[Items listed in a dataset]
[Start of section]
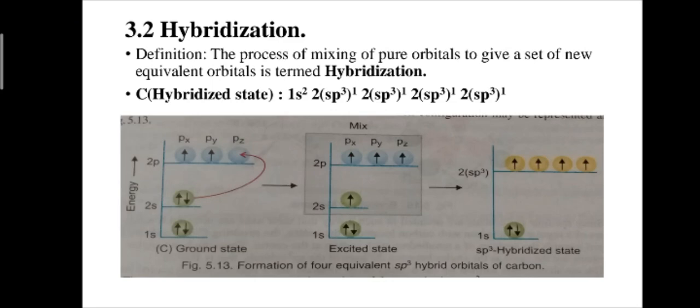Good morning everyone. Today we discuss bonding, hybridization, and geometry of some organic molecules like methane, ethane, ethylene, and acetylene.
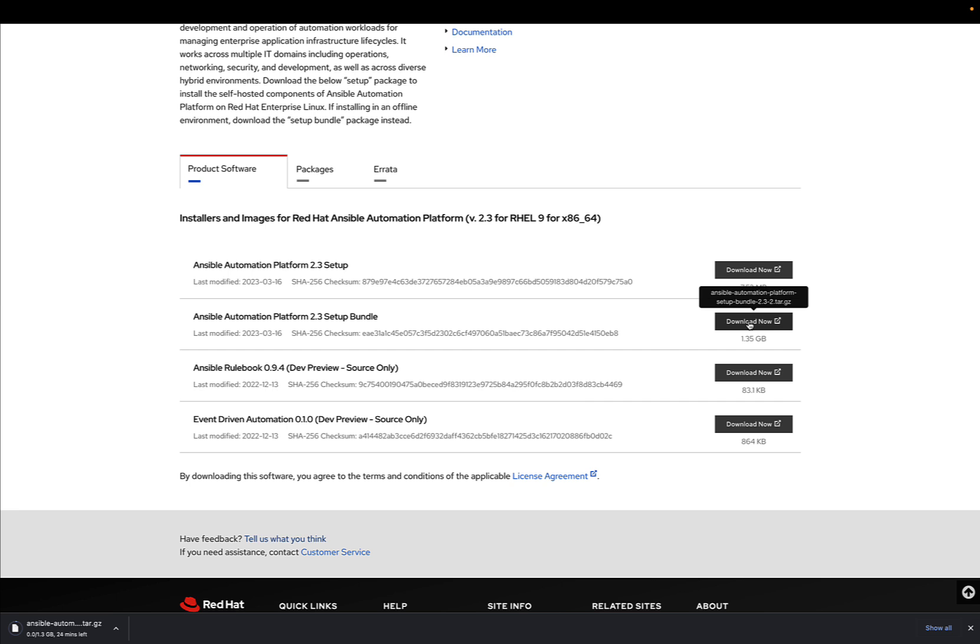Great, I really like the bundle. Are you ready to have fun? Now you're ready to start your Ansible Automation Platform journey. These steps also apply to future versions of AAP.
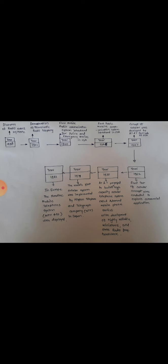AT&T proposed to build a first high-capacity cellular telephone system called Advanced Mobile Phone Services with the development of highly reliable, miniature, solid-state radio frequency hardware. The design of the hardware is in 1970.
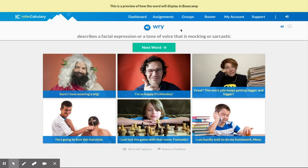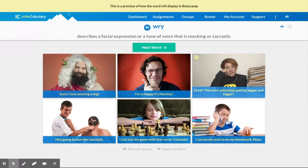Therefore, 'wry' is an adjective. In this case, it's pretty straightforward because 'wry' is basically describing either their facial expressions, their tone of voice, or both.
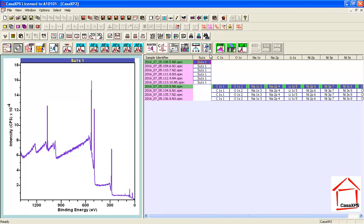But if I adjust the sample identifier so they are identical, then the survey and the high-resolution data will all appear in the same row in this VAMAS file.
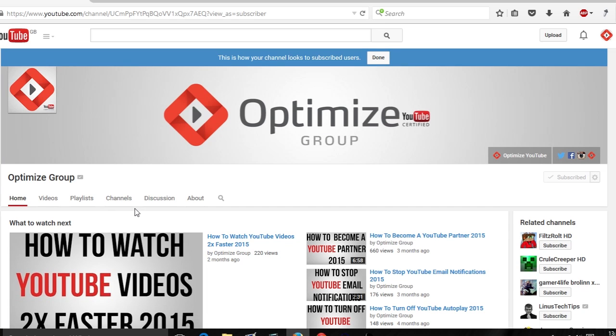So there you are guys, a super simple way on how to add a channel trailer. If you have any questions or feedback, leave a comment down below — I read and reply to every single one — and I'll see you all in the next one.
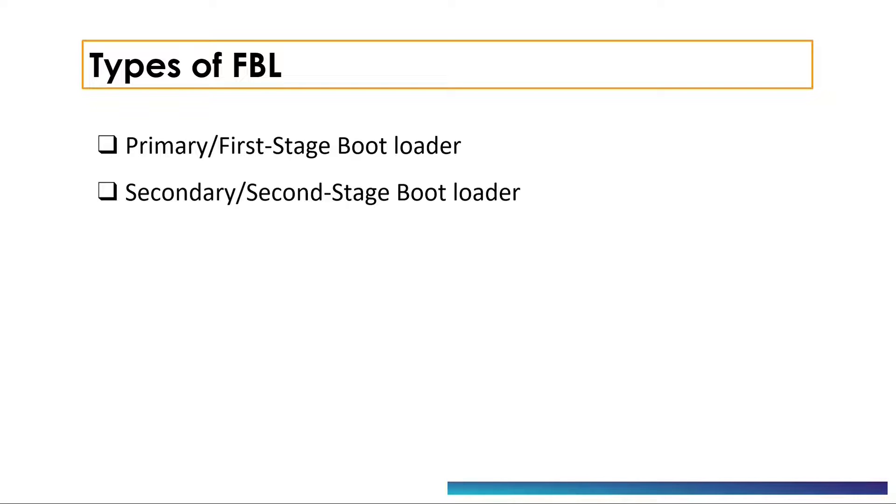We have first stage bootloader or a primary bootloader and a second stage bootloader or a secondary bootloader. Primary bootloader has only read access to the code flash and no write access. It is designed this way to make bootloader more secure. Let's take an example of Raspberry Pi. Raspberry Pi has a primary bootloader in SoC which helps to jump to the bootloader present in the SD card.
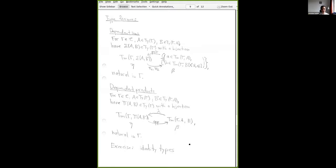The second exercise is to translate the syntactic symbols for identity types and all the rules involving them into standard mathematical language in terms of CWFs, and write down what it means for a CWF to have identity types.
[End of section]
## Problem details
Line by line and exactly, reproduce the span from the line with "Therefore, 'wry' is" through the end of the data above, both ends included, with pictures left out.

## Your solution
Therefore, 'wry' is an adjective. In this case, it's pretty straightforward because 'wry' is basically describing either their facial expressions, their tone of voice, or both.
But if I adjust the sample identifier so they are identical, then the survey and the high-resolution data will all appear in the same row in this VAMAS file.
So there you are guys, a super simple way on how to add a channel trailer. If you have any questions or feedback, leave a comment down below — I read and reply to every single one — and I'll see you all in the next one.
We have first stage bootloader or a primary bootloader and a second stage bootloader or a secondary bootloader. Primary bootloader has only read access to the code flash and no write access. It is designed this way to make bootloader more secure. Let's take an example of Raspberry Pi. Raspberry Pi has a primary bootloader in SoC which helps to jump to the bootloader present in the SD card.
The second exercise is to translate the syntactic symbols for identity types and all the rules involving them into standard mathematical language in terms of CWFs, and write down what it means for a CWF to have identity types.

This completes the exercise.